● **Your objective**
Provide an exact copy of the lines from the beginning of the records through the line that includes "Pimpimbudgee QLD 4615", and of no others.
[Opening Supplied data section]
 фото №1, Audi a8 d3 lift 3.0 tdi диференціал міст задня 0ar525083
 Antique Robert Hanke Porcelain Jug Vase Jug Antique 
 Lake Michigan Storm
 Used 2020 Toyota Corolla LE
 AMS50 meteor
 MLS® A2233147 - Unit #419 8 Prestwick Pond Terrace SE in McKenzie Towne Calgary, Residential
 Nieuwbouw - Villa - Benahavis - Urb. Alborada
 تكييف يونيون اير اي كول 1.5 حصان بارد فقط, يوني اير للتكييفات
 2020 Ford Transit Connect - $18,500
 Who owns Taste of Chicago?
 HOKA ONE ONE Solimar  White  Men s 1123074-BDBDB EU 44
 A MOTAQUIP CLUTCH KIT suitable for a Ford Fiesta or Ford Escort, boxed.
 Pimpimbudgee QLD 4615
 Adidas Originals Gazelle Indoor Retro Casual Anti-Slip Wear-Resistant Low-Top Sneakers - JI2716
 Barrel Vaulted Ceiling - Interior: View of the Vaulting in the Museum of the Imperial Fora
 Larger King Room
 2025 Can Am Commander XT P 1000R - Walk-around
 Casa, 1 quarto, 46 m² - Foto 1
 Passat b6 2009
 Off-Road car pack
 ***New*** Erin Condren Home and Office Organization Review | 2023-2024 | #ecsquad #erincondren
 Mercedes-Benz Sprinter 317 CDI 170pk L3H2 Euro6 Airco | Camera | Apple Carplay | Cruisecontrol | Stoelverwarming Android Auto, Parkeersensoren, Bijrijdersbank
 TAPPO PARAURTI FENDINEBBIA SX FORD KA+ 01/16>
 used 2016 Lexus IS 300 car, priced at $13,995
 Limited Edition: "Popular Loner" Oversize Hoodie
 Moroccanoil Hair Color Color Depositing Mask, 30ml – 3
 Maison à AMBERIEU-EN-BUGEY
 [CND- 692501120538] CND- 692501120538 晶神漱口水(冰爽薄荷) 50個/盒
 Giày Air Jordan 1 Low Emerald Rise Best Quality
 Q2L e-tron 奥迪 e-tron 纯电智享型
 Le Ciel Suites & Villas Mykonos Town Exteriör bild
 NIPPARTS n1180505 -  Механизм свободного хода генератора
[Closing Supplied data section]
● **Answer area**
 фото №1, Audi a8 d3 lift 3.0 tdi диференціал міст задня 0ar525083
 Antique Robert Hanke Porcelain Jug Vase Jug Antique 
 Lake Michigan Storm
 Used 2020 Toyota Corolla LE
 AMS50 meteor
 MLS® A2233147 - Unit #419 8 Prestwick Pond Terrace SE in McKenzie Towne Calgary, Residential
 Nieuwbouw - Villa - Benahavis - Urb. Alborada
 تكييف يونيون اير اي كول 1.5 حصان بارد فقط, يوني اير للتكييفات
 2020 Ford Transit Connect - $18,500
 Who owns Taste of Chicago?
 HOKA ONE ONE Solimar  White  Men s 1123074-BDBDB EU 44
 A MOTAQUIP CLUTCH KIT suitable for a Ford Fiesta or Ford Escort, boxed.
 Pimpimbudgee QLD 4615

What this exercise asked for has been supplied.